Source data:

== == ==

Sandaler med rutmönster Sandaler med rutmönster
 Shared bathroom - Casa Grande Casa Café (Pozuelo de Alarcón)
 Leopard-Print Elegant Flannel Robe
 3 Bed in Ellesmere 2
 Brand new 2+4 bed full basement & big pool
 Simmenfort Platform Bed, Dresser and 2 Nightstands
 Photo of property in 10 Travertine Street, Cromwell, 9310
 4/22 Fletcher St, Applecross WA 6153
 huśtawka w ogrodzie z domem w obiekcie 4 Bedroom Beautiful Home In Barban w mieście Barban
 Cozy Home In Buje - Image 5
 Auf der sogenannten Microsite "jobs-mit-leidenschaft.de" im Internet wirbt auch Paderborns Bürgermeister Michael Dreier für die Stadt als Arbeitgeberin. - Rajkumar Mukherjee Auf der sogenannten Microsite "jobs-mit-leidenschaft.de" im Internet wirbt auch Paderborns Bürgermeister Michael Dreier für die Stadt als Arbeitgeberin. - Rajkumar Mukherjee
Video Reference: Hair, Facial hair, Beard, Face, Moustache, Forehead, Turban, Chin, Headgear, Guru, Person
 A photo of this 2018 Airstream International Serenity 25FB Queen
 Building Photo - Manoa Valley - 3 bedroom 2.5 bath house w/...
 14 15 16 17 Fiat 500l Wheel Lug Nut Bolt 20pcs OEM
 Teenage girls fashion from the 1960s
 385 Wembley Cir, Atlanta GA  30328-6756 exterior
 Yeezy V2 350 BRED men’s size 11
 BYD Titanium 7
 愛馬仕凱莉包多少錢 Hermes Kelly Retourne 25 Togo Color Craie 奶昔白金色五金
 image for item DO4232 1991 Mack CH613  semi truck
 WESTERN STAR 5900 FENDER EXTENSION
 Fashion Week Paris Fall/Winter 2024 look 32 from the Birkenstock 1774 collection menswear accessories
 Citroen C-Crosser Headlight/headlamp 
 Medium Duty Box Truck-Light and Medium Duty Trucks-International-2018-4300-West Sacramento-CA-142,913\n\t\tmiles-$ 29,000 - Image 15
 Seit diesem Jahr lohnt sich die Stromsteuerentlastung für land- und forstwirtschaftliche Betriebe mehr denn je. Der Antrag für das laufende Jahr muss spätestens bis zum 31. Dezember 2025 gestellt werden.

== == ==

> _Task to complete_:
All lines above from the line with "A photo of this" through the line with "385 Wembley Cir, Atlanta", both included, are to be set down exactly, with nothing else.

> _Reply to the task_:
 A photo of this 2018 Airstream International Serenity 25FB Queen
 Building Photo - Manoa Valley - 3 bedroom 2.5 bath house w/...
 14 15 16 17 Fiat 500l Wheel Lug Nut Bolt 20pcs OEM
 Teenage girls fashion from the 1960s
 385 Wembley Cir, Atlanta GA  30328-6756 exterior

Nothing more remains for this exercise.